**** Data for analysis ****

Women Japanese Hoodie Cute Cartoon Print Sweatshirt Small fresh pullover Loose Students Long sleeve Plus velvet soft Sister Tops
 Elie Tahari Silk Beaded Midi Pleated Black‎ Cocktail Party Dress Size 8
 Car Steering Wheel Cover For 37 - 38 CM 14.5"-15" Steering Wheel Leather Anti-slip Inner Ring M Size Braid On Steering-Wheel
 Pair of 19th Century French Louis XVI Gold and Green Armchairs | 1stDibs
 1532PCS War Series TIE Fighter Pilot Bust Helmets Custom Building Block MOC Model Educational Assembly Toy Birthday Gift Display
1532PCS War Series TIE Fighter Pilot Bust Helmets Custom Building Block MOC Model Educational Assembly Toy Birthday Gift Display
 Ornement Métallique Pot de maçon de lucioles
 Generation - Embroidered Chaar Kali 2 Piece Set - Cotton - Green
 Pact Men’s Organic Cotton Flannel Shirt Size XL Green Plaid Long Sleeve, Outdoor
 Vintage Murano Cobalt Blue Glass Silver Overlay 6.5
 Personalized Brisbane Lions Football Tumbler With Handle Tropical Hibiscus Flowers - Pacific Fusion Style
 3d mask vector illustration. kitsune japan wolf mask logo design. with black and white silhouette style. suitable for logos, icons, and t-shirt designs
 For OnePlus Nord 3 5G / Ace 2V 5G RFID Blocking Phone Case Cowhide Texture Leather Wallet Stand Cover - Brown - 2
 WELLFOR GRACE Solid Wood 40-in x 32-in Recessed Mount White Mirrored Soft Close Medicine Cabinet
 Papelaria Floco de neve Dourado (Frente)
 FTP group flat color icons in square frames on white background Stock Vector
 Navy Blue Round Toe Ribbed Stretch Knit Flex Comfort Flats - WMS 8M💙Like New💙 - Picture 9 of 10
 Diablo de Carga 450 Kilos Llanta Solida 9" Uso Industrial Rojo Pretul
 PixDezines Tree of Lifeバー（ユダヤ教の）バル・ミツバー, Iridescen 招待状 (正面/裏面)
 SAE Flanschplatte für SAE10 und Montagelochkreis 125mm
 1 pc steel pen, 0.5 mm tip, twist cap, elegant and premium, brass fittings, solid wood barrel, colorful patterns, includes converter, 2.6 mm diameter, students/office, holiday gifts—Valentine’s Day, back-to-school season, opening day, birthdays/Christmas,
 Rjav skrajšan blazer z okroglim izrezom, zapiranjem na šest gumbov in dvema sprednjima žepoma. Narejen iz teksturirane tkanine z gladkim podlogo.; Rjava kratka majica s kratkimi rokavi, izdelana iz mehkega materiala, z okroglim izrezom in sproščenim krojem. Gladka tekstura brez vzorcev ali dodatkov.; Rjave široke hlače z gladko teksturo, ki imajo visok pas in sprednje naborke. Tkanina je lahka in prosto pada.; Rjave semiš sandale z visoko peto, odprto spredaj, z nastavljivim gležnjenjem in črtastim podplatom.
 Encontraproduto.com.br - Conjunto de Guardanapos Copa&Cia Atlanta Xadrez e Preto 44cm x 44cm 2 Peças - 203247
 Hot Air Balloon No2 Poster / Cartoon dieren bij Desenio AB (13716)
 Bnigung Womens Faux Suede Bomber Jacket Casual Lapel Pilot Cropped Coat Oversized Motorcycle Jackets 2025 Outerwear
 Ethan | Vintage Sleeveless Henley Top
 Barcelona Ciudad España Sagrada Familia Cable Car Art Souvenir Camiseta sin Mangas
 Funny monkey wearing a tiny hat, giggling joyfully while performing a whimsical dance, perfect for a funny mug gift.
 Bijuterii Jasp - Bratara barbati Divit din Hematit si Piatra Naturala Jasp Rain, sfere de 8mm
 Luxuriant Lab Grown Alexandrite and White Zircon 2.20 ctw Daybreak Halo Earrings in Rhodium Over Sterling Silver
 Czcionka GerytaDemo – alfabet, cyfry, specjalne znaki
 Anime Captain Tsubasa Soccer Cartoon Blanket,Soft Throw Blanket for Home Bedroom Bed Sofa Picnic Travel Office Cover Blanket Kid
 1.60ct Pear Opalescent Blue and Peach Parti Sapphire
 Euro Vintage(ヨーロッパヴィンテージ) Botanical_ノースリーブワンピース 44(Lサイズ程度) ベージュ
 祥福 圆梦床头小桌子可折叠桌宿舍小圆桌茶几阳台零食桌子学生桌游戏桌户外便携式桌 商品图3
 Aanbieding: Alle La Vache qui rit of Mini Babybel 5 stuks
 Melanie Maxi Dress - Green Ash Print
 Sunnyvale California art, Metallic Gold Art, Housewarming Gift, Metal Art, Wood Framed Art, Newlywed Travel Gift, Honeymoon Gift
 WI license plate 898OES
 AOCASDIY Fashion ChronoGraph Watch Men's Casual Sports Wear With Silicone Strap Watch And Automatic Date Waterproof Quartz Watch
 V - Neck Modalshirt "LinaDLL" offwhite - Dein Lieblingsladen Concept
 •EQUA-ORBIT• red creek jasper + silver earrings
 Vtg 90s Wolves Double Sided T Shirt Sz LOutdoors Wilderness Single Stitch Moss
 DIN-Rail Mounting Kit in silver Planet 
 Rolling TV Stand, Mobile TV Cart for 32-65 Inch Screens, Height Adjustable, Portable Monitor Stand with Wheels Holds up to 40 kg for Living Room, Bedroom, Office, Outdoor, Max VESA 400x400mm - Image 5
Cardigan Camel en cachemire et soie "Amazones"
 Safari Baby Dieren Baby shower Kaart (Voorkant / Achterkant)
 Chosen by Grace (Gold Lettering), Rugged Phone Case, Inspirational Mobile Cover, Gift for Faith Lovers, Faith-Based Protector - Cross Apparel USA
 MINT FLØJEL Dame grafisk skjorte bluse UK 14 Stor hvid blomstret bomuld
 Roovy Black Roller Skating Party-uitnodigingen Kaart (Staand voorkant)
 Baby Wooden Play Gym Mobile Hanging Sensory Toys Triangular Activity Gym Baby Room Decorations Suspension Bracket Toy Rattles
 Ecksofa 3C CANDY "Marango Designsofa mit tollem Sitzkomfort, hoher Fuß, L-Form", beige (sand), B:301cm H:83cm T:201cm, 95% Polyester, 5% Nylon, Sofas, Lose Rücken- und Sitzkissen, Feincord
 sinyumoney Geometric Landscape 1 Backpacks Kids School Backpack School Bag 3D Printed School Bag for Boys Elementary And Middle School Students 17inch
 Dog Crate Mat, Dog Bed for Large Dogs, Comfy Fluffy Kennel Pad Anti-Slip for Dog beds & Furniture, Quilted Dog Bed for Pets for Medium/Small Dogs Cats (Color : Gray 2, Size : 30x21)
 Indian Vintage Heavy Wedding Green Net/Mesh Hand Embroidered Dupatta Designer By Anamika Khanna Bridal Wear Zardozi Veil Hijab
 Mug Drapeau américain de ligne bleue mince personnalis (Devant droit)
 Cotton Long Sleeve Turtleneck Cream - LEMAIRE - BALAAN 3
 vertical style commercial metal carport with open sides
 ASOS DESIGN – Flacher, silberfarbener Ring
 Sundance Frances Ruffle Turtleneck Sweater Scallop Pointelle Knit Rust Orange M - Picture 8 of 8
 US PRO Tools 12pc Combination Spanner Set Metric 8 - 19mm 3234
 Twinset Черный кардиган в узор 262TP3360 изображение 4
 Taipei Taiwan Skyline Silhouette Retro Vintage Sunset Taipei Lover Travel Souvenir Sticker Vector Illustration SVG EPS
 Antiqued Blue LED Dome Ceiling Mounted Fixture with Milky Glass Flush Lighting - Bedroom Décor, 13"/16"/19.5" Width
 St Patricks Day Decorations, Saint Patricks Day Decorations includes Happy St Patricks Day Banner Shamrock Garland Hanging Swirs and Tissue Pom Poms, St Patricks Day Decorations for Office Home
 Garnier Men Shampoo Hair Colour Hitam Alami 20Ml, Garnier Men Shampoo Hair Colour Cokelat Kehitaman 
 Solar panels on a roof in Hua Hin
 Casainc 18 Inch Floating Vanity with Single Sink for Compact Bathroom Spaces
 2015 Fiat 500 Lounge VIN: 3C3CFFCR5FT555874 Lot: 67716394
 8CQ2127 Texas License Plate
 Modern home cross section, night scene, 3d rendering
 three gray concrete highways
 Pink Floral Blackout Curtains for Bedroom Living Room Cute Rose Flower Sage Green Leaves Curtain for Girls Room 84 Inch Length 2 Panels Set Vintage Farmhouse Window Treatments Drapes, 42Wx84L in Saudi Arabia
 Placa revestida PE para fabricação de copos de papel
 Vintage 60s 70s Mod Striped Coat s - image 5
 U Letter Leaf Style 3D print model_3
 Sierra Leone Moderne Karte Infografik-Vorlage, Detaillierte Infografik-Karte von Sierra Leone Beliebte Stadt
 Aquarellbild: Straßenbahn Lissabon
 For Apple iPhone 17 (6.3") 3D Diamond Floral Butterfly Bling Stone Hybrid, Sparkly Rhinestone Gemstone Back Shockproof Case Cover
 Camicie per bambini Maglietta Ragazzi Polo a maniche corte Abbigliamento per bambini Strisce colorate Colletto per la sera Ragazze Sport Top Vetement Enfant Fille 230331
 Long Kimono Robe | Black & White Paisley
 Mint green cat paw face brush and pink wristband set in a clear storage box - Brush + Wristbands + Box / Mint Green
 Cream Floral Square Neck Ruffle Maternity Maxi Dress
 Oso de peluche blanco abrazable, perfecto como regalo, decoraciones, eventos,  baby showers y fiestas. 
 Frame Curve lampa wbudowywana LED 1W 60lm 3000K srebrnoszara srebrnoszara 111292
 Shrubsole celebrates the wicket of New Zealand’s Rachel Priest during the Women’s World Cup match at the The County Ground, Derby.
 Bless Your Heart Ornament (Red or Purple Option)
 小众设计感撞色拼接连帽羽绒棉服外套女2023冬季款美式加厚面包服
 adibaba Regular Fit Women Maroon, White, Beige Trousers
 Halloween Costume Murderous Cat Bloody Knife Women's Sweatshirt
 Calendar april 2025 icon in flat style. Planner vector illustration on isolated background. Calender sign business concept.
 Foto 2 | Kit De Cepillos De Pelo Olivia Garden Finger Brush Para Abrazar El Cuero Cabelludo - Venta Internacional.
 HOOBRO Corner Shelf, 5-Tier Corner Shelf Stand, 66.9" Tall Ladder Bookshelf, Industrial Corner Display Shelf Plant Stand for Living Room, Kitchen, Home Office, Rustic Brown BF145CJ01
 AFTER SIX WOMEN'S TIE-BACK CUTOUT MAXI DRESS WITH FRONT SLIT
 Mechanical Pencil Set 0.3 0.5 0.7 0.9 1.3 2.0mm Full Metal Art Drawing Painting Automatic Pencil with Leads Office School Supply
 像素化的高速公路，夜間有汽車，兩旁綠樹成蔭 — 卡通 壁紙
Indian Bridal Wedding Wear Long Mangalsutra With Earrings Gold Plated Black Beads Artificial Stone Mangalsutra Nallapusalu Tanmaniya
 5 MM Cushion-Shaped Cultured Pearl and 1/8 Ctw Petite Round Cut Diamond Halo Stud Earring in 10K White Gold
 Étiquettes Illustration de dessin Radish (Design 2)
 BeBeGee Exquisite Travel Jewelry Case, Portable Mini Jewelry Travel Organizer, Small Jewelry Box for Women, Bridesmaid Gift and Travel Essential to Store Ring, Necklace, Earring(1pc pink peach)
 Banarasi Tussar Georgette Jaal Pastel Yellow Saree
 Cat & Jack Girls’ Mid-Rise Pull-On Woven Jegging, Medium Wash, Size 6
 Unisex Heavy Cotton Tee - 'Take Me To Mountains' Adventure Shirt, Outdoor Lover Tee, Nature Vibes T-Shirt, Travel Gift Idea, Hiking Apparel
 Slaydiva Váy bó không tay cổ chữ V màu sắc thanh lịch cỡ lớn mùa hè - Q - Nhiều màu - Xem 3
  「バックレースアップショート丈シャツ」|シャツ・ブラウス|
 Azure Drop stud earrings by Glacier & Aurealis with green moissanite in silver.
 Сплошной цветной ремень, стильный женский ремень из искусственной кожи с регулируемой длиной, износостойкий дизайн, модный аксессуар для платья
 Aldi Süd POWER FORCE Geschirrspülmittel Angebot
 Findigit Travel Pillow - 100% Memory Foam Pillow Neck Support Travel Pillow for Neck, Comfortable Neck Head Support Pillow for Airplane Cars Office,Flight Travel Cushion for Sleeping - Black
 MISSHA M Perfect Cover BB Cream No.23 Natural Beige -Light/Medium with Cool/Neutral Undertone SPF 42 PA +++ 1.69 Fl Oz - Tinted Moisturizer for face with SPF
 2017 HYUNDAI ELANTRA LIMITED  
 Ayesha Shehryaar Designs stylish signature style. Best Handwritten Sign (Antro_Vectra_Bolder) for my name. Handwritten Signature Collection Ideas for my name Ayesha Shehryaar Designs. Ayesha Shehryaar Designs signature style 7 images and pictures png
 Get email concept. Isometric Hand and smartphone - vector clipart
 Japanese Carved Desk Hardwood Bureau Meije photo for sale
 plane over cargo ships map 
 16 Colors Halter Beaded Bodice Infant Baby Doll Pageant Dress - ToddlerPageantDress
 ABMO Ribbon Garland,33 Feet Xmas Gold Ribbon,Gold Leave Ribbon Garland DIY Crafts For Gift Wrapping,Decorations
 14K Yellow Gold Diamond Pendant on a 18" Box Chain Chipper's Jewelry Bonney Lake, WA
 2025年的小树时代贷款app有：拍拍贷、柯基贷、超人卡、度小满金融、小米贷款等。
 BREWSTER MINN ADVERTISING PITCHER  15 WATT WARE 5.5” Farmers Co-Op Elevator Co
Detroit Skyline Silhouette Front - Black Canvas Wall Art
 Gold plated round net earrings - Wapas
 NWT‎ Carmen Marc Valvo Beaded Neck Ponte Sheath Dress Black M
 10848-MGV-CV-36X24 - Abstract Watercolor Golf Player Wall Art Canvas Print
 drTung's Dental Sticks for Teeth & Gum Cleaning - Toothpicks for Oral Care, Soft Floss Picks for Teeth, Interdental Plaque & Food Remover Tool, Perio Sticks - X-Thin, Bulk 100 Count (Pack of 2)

****

Reproduce exactly the entries above, limited to the lines from the one with "Aanbieding: Alle La" through the one with "DIN-Rail Mounting Kit in silver Planet", both included.

 Aanbieding: Alle La Vache qui rit of Mini Babybel 5 stuks
 Melanie Maxi Dress - Green Ash Print
 Sunnyvale California art, Metallic Gold Art, Housewarming Gift, Metal Art, Wood Framed Art, Newlywed Travel Gift, Honeymoon Gift
 WI license plate 898OES
 AOCASDIY Fashion ChronoGraph Watch Men's Casual Sports Wear With Silicone Strap Watch And Automatic Date Waterproof Quartz Watch
 V - Neck Modalshirt "LinaDLL" offwhite - Dein Lieblingsladen Concept
 •EQUA-ORBIT• red creek jasper + silver earrings
 Vtg 90s Wolves Double Sided T Shirt Sz LOutdoors Wilderness Single Stitch Moss
 DIN-Rail Mounting Kit in silver Planet 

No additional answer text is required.